Records for the exercise: Begin

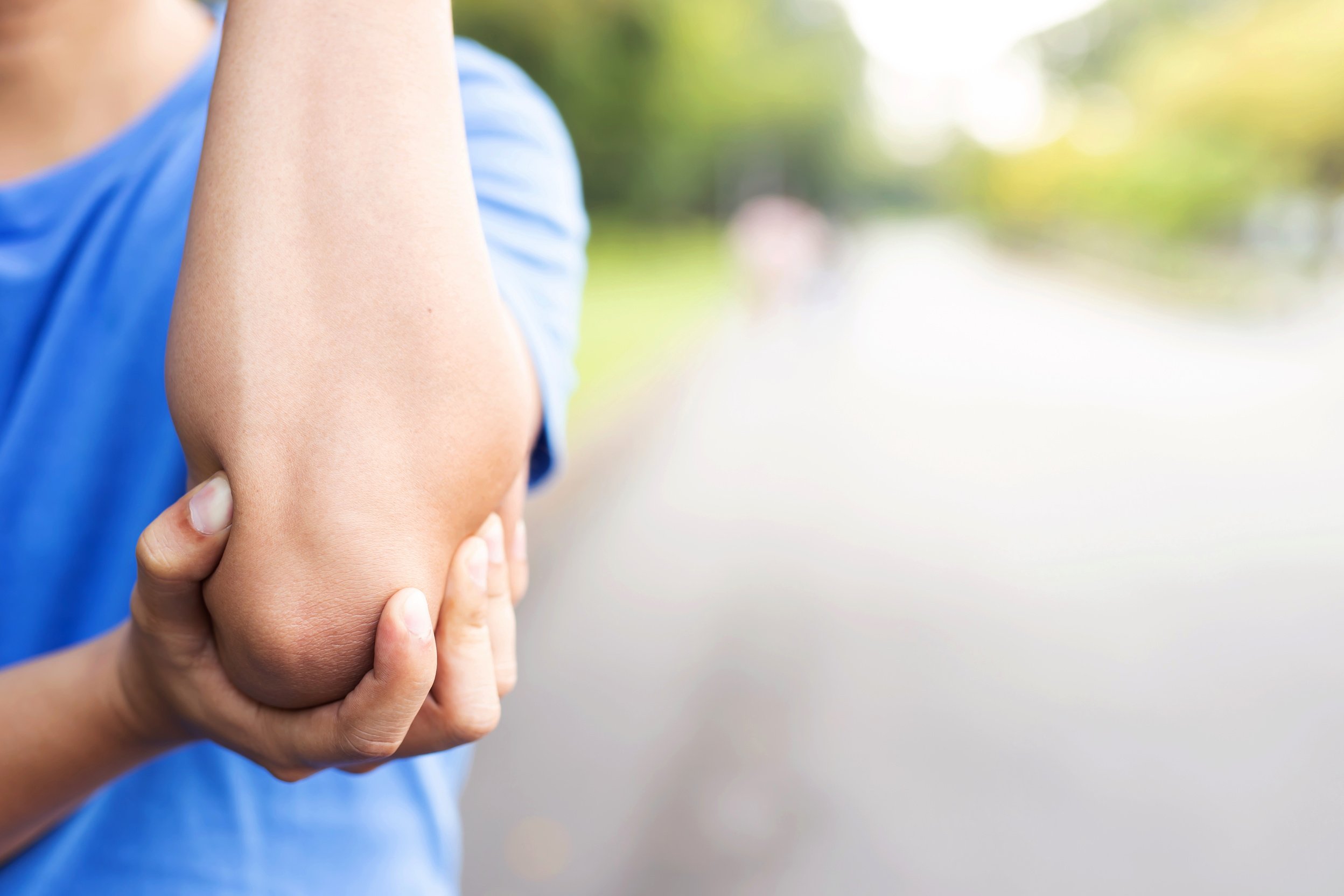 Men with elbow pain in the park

Records for the exercise: End
Records for the exercise: Begin

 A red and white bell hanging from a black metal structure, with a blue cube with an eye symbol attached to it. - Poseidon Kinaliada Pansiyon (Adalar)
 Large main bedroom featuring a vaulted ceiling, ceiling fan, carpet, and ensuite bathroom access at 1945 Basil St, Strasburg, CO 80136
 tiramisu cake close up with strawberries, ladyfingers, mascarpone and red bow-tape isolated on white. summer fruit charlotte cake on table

Records for the exercise: End

◆ About this exercise
Go through the listing above and copy each line where the string "white" appears.

◆ Answer to this task
 A red and white bell hanging from a black metal structure, with a blue cube with an eye symbol attached to it. - Poseidon Kinaliada Pansiyon (Adalar)
 tiramisu cake close up with strawberries, ladyfingers, mascarpone and red bow-tape isolated on white. summer fruit charlotte cake on table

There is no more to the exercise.